I hope this all fits in the post

using System;

using System.Collections.Generic;

namespace Challenge

{

public enum Aspect

{

    Pg,

    ContainsMeat,

    // etc.

}


public class Product

{

    public Product(HashSet<Aspect> initialAspects)

    {

        this.Aspects = new HashSet<Aspect>();

        foreach(Aspect a in initialAspects)

        {

            this.Aspects.Add(a);

        }

    }


    public string Name { get; set;}

    public decimal Price { get; set;}

    public HashSet<Aspect> Aspects { get; private set;}

}



public class ListProducts

{

    public static void Main(string[] args)

    {

        List<Product> products = BuildProducts();

        List<Func<Product, bool>> predicates = ParseArguments(args);

        List<Product> filteredProducts = FilterProducts(products, predicates);

        ShowProducts(filteredProducts);

    }


    private static void ShowProducts(List<Product> toShow)

    {

        Console.WriteLine("Products found:");

        foreach(Product p in toShow)

        {

            Console.WriteLine("{0}\t\t${1}", p.Name, p.Price);

        }

    }


    private static List<Product> FilterProducts(List<Product> products, List<Func<Product, bool>> predicates)

    {

        List<Product> toReturn = new List<Product>();


        foreach(Product p in products)

        {

            bool acceptProduct = true;

            foreach(Func<Product, bool> predicate in predicates)

            {

                acceptProduct &= predicate(p);

                if(!acceptProduct)

                {

                    break;

                }

            }

            if(acceptProduct)

            {

                toReturn.Add(p);

            }

        }


        return toReturn;

    }


    private static List<Func<Product, bool>> ParseArguments(string[] args)

    {

        List<Func<Product, bool>> toReturn = new List<Func<Product, bool>>();

        foreach(string argument in args)

        {

            Func<Product, bool> toAdd = null;

            switch(argument)

            {

                case "-pg13":

                    toAdd = p=>!p.Aspects.Contains(Aspect.Pg);

                    break;

                case "-vegetarian":

                    toAdd = p=>!p.Aspects.Contains(Aspect.ContainsMeat);

                    break;

                default:

                    throw new ArgumentException(string.Format("Unknown argument: {0}", argument));

            }


            toReturn.Add(toAdd);

        }

        return toReturn;

    }


    private static List<Product> BuildProducts()

    {

        List<Product> toReturn = new List<Product>();

        toReturn.Add(new Product(new HashSet<Aspect>()) { Name="Milk", Price=1.0M});

        toReturn.Add(new Product(new HashSet<Aspect>()) { Name="Bread", Price=1.3M});

        toReturn.Add(new Product(new HashSet<Aspect>() { Aspect.ContainsMeat}) { Name="Sausage", Price=2.5M});

        toReturn.Add(new Product(new HashSet<Aspect>() { Aspect.Pg}) { Name="Horror Movie", Price=5M});


        return toReturn;

    }

}

}

Alex Simkin
04/09/2008 08:27 PM by
Alex Simkin

Interesting that none paid attention to the first requirement:

"listing the first 10 products"

alberto
04/09/2008 08:55 PM by
alberto

Ayende, THEN I would refactor (in fact, if it were a face-to-face interview I would have asked you a few questions to get some insight in what you were expecting from me, but since this is not so fluent, I opted for KISS).

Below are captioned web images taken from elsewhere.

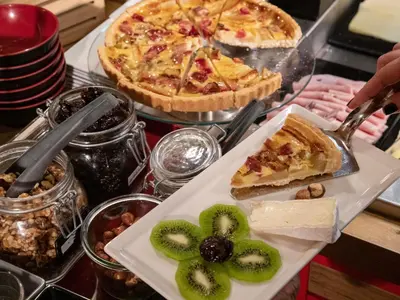 a bakery with red cabinets and a counter with food at ibis Cannes Centre in Cannes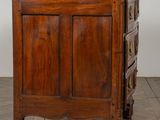 an old wooden chest of drawers sitting on top of a hard wood floor
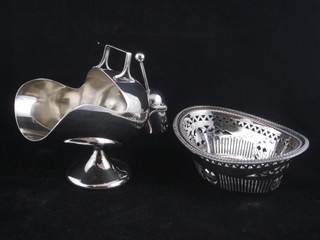 A large silver plated sugar scuttle and an oval pierced basket with bead work border 7"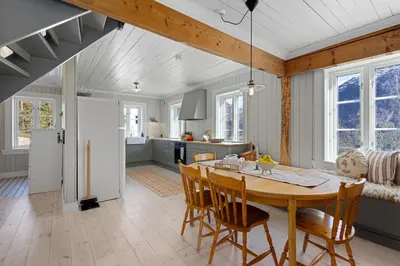 a kitchen and dining room with a table and chairs at Tømmerhuset på Brekketunet in Stryn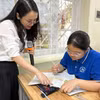 Giờ học của cô và trò Trường Trung học cơ sở Chương Dương. (Ảnh: PM/Vietnam+)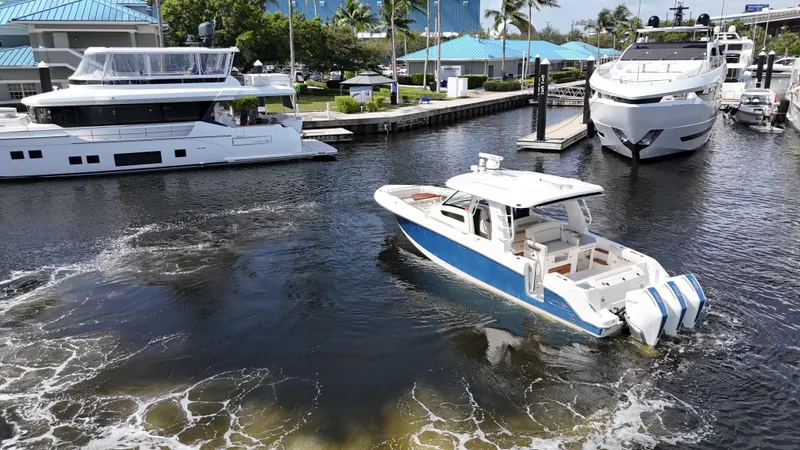 Slide: The Image of 2020 Boston Whaler 350 Realm cruising in marina with luxury yachts. - 14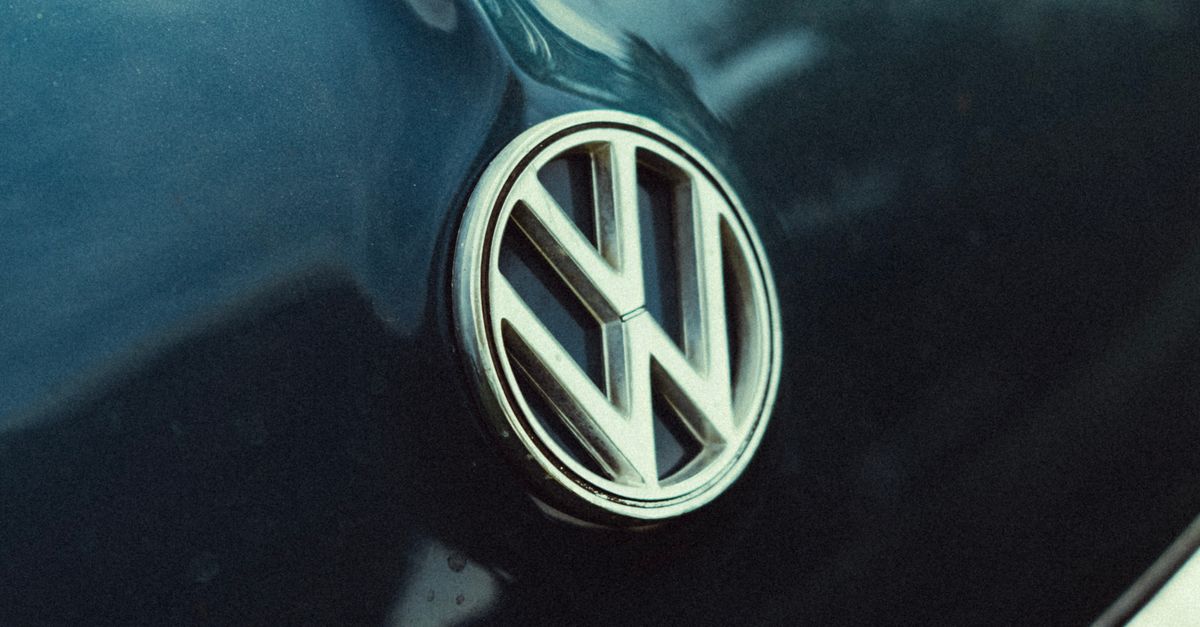 Vertical shot of Volkswagen logo on car hood with reflections of sky and trees.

Anyway, I have posted my solution in my blog (it was a little longer and I can format it a little there ;))

http://sharpbites.blogspot.com/2008/04/ayendes-challenge.html

Michael Minutillo
04/11/2008 08:48 AM by
Michael Minutillo

I had a quick go with LINQ to SQL. Given the way LINQ to SQL works does the Pipes and Filters Pattern begin to converge with the Specification Pattern in anyone elses mind?

http://wolfbyte-net.blogspot.com/2008/04/pipe-and-filters-fluent-apis-and-linq.html

alberto
04/11/2008 07:31 PM by
alberto

So, did I get the job? :D

Alex
04/16/2008 11:33 PM by
Alex

SELECT TOP 10 * FROM product WHERE productid NOT IN (SELECT productid FROM producttag WHERE tagid IN ({tagList}))

You guys are Architecture Astronauts.